While Mr. McSlarrow said that decision and the FCC’s failure to detail the statistics on which it’s based is the immediate object of the NCTA’s ire, he offered far broader criticism, suggesting Mr. Martin’s desire for cable subscribers to be able to buy channels a la carte was coloring everything he does.
“When you look at the kind of proposals, from a la carte, to the imposition of additional must-carry obligations, to technology mandates, to decisions that literally cost consumers more and raise their rates, to decisions that favor one industry over another … it’s very clear that what this is all about is pursuing one particular agenda item—a la carte—and using the rest of these proposals to pressure our industry to do voluntarily what the FCC does not have authority to mandate,” Mr. McSlarrow said of the FCC under Mr. Martin.
He said the cable industry would not accede to the demand for a la carte.
“There is no question in my mind that the array of items brought before the commission or proposed are designed to pressure the entire industry to reach a conclusion that the only way out is to implement some kind of a la carte system,” he said. “It’s not going to happen. We have to respect what our customers want. We aren’t going to wreck our business model and hurt our customers in order to appease one chairman of the FCC.”
In response, Mr. Martin issued a statement:
“Our focus is not on the welfare of a particular industry but the welfare of consumers and ensuring they receive the benefits of competition in the form of lower prices, more choice and better services. Consumers have not seen those benefits from cable. The average cost of cable has almost doubled from 1995 to 2005—increasing 93%—while the cost of other communication services fell. The cable industry needs more competition and we will continue to act to bring more competition and its benefits to consumers.”
Mr. McSlarrow also charged that Mr. Martin is ignoring normal good government administrative procedures to act on some favored mergers and rule-makings before others; leak and make FCC decisions before the public or industry has a real chance to comment; and time reports to achieve an ideological goal.
“What I’ve seen is a predilection to issue reports or to delay issuing them to promote a particular viewpoint,” he said, pointing to a phone company deal where AT&T bought Southern Bell that moved quickly through the FCC while a cable deal lingered.
He also said the decision-making process itself is skewed.
“I have been in politics myself,” Mr. McSlarrow said. “A regulatory agency has very strict procedures under the Administrative Procedures Act. When I see leaks to the press, an effort to time release of documents without anyone seeing them, without anybody being able to refute them … that’s something that happens in politics,” he said.

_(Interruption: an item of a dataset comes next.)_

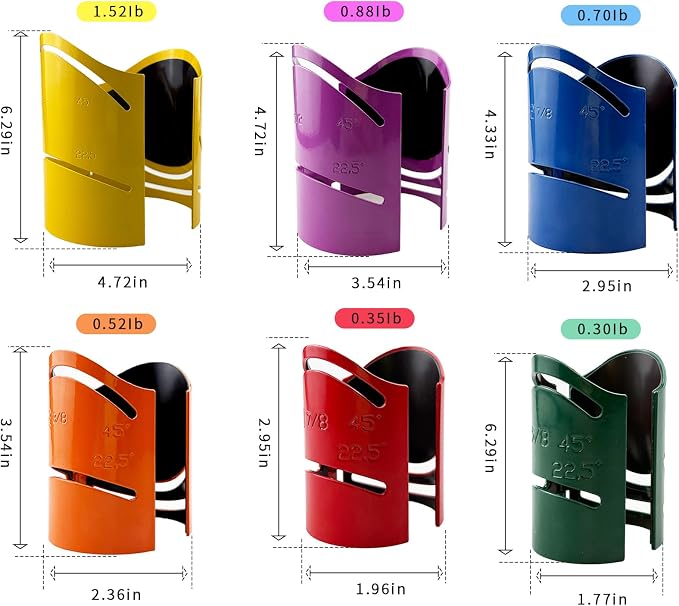 6Pcs Magnetic Metal Pipe Cutting Guide Kit, Pipe Cutting Tool 1-5/8" 1-7/8" 2-3/8" 2-7/8" 3-1/2" 4-1/2", Guides Cuts at 22.5°/45°/90° & Saddle Cut, Heavy-Duty Magnetic Pipe Marking Cut Guide Tool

Mr. McSlarrow questioned any statistic showing the cable industry had reached 70% of households and said even if it had, increased competition between cable, satellite and phone providers doesn’t warrant additional regulation.
He also said his talks with congressmen and senators, even those who don’t agree with the cable industry, uncover widespread concern about the FCC moving to impose any new limits on cable.
“I’ve talked to a lot of Democrats and Republicans. The reaction is they are horrified, pretty well universally. The FCC was not given a mandate by them or previous law to go in that direction,” he said.